» **Data section**
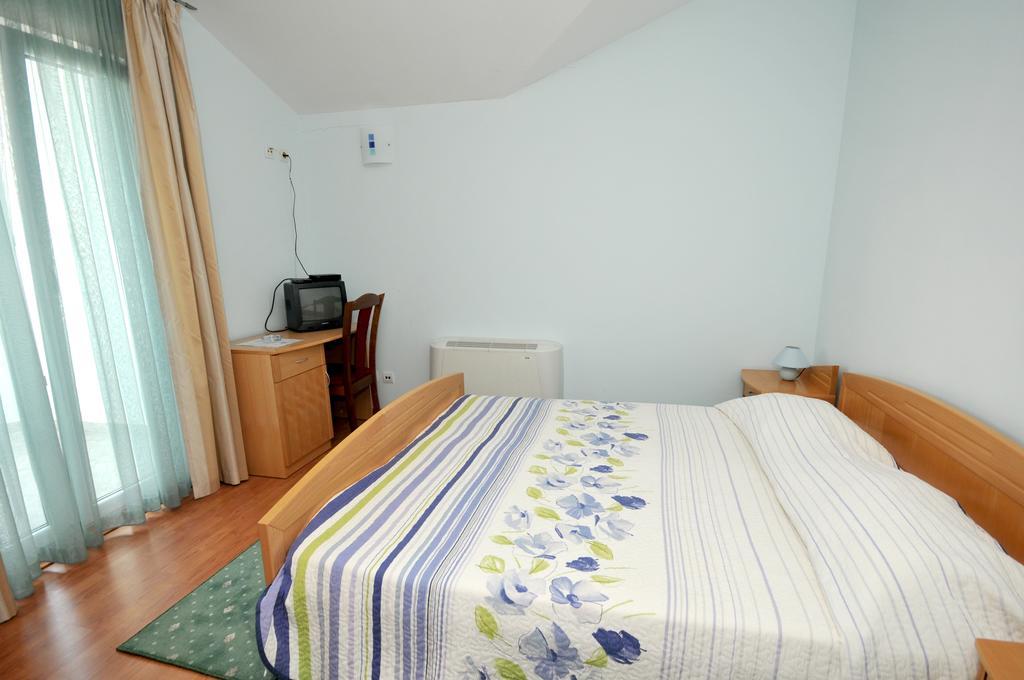 Apartments Villa Lida 트로기르 객실 사진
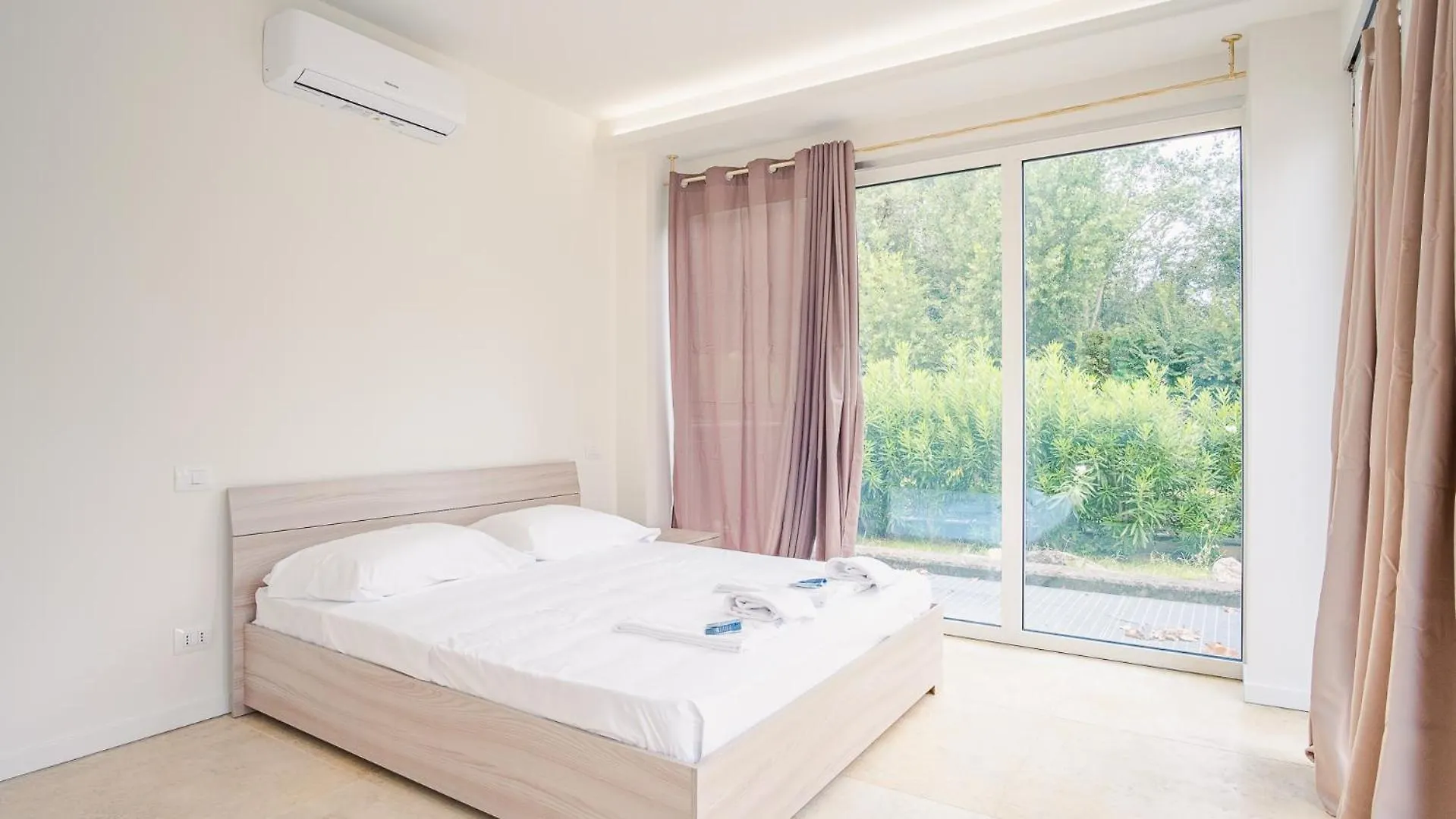 Relais Du Lac Village - Italian Homing Desenzano del Garda Apartment
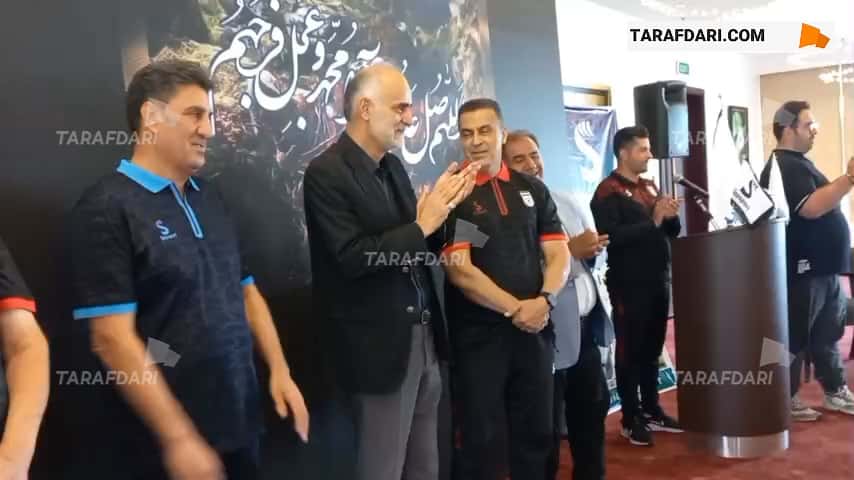 خنده حاضرین و بقیه مسئولان هنگام اهدای بچ به ظهیری، کمک داور حاشیه ساز دربی / فیلم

» **Assignment**
Output the listing exactly, pictures excluded.

» **Your solution**
 Apartments Villa Lida 트로기르 객실 사진
 Relais Du Lac Village - Italian Homing Desenzano del Garda Apartment
 خنده حاضرین و بقیه مسئولان هنگام اهدای بچ به ظهیری، کمک داور حاشیه ساز دربی / فیلم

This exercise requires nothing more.